Google’s Cerf Says “Privacy May Be An Anomaly”. Historically, He’s Right.

One of the original architects of the Internet wants to remind us that privacy is a relatively new concept. “Privacy is something which has emerged out of the urban boom coming from the industrial revolution,” said Google’s Chief Internet Evangelist and a lead engineer on the Army’s early 1970’s Internet prototype, ARPANET. As a result, ‘privacy may actually be an anomaly,” he told a gathering of the Federal Trade Commission.

Looking back at history, Cerf is mostly right.

Up until the 19th century, most houses had few or no internal walls. Bathing was a public act. For most of the post-Roman era, the very concept of “solitude” was limited to clergy, who dedicated their lives to private worship. “Intercourse, birth, death, just about every aspect of the life cycle plays out with some sort of audience,” architectural historian Bernard Herman explained to me.

An expert in early American housing, Herman found that the average home was about 16×10 ft with multiple families living under one roof. Indeed, the invention of the “Bed Chamber” really doesn’t become popular among the European wealthy  until around the 1600s. The few Medieval aristocrats who could afford a bed still used to sleep with house guests and servants on extra large mattresses.

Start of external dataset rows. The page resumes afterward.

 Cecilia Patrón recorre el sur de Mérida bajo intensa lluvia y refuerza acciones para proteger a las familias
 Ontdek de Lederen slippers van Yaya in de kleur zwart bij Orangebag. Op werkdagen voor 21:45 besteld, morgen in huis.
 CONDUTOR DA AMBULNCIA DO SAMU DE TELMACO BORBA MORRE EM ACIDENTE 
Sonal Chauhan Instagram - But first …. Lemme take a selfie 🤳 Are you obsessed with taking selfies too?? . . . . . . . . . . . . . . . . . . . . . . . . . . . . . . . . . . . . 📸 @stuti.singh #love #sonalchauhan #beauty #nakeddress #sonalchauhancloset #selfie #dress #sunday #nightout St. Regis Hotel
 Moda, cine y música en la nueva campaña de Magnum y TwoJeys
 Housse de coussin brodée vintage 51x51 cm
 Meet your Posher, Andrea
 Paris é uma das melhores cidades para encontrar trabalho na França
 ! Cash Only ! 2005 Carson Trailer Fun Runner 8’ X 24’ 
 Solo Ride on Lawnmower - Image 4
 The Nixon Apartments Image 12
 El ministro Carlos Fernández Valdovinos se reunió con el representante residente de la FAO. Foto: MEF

In Rome, bathrooms were public; evidence suggests people chatted while relieving themselves in open multi-toilet rooms. Indeed, in Rome, even for those who could afford to build houses with internal walls, still chose to put their private lives on display. Ostentatious displays of one’s wealth to the world with an open house was a status symbol.

There may have been once exeption to this rule: excavations of ancient greek houses reveal architecture with partitioned rooms and windows that obscured views inside the home [PDF]. But, for the most part, privacy didn’t really exist in ancient cities.

Perhaps the real concern is with information privacy? Well, that’s new too. The “right to privacy” was not coined until 1890, by future Chief Justice Louis Brandeis. The right to privacy would not be recognized by the Supreme Court until the landmark 1967 case, Katz v. The United States.

In some ways, informational privacy isn’t a concern until the modern age, because few people had the technology or knowhow to write anything down. Still, privacy regulations did not catch up with literacy until the mid 19th Century. For instance, while there were scattered concerns with the very first census in 1790, the results were still posted publicly so that citizens could double-check their accuracy [PDF].

“So I’m not saying that we shouldn’t be interested in privacy, but I am suggesting to you that it’s an accident, in some respect, of the urban revolution,” concludes Cerf.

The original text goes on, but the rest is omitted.